Consed Consed is a program for viewing and editing assemblies produced by Phrap Key Features: c. Navigation – identify and list regions which are below a given quality threshold, contain high quality discrepancies, single-strand coverage, etc. d. Autofinish – automatic set of functions for: gap closure, improvement of sequence quality, determination of relative orientation of contigs, identification of regions covered by a single read or by reads of a single strand. The program automatically performs primer picking and chooses the templates.
Phred/Phrap/Consed Pipeline Directories: Chromat_dir Phd_dir Edit_dir
Finishing Problems Finishing can be a boring and difficult task due: DNA sequencing problems a. High GC content – genomes presenting a high GC content are more prone to generate artifacts as compressions, sudden drops, bad quality regions. Try to use Dye Primer instead of Dye Terminator, change chemistry, add DMSO, increase annealing temperature, use deaza-dGTP instead of dGTP, etc. b. Palindromic regions– lead to strong secondary structures causing sudden drops. Try to use deaza-dGTP instead of dGTP, amplify the problematic region by PCR and sequence the product. c. Homopolymeric regions– can reduce DNA synthesis efficiency for some chemistries. Try to use Dye Primer instead of Dye Terminator, change chemistry (dRhodamine instead of BigDye).

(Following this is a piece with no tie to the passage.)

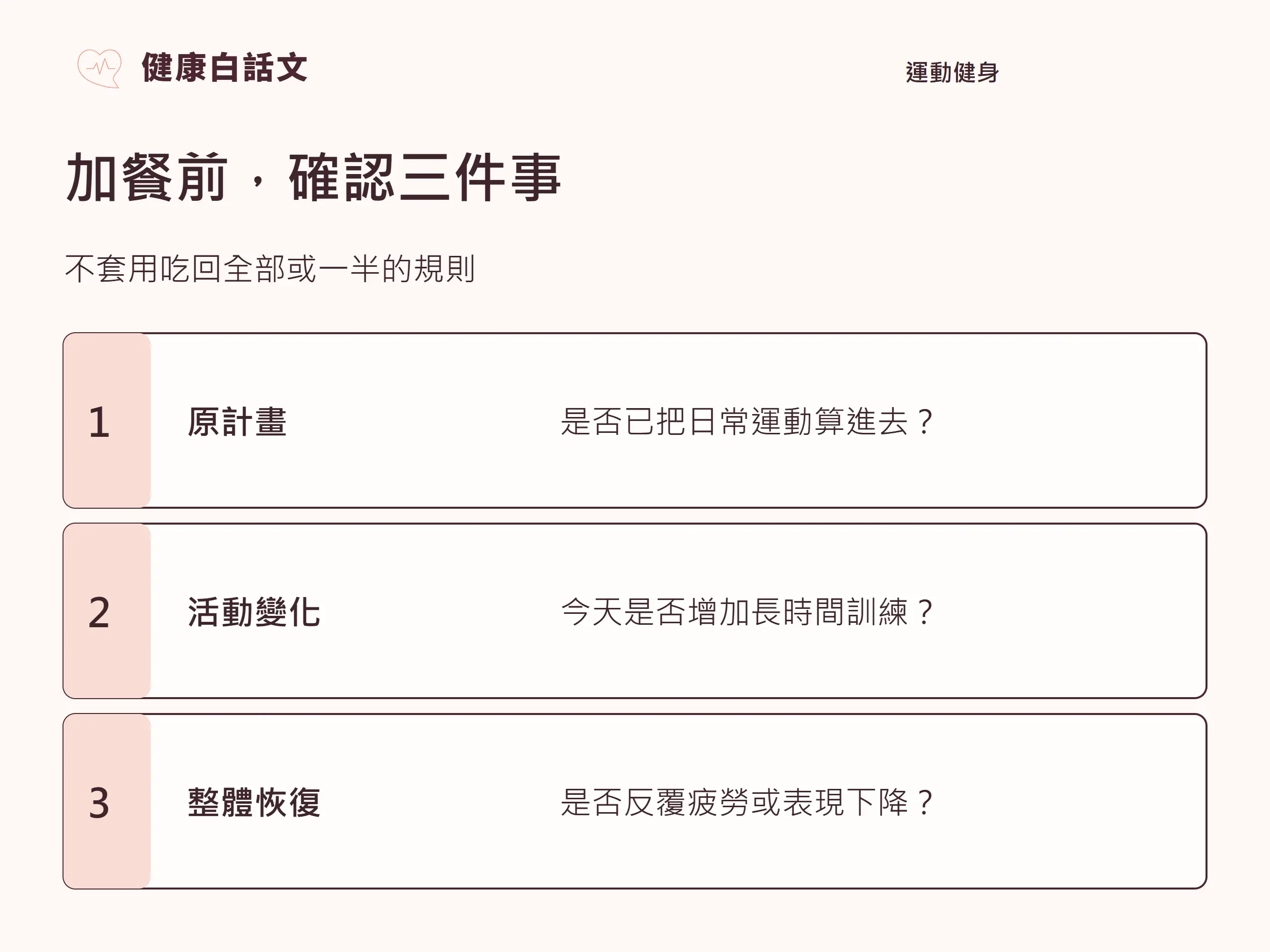 加餐前,確認三件事:;原計畫,是否已把日常運動算進去?;活動變化,今天是否增加長時間訓練?;整體恢復,是否反覆疲勞或表現下降?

Finishing Problems Finishing can be a boring and difficult task due: DNA assembly problems a. High content of repeats – highly repeated elements reduce accuracy of DNA assembly. Identify the repeat unit, screen it with Cross_Match or Repeat_Masker and mask it. Try to assemble again and add the repetitive region only at the end. Map the repetitive region using restriction enzymes to estimate its size and number of repeat units. b. High AT content– some highly biased genomes (i.e. Plasmodium falciparum; plastid genomes) can pose a problem for assembly programs. Very difficult to solve. Try to determine a restriction map and associate mapping with DNA sequencing data.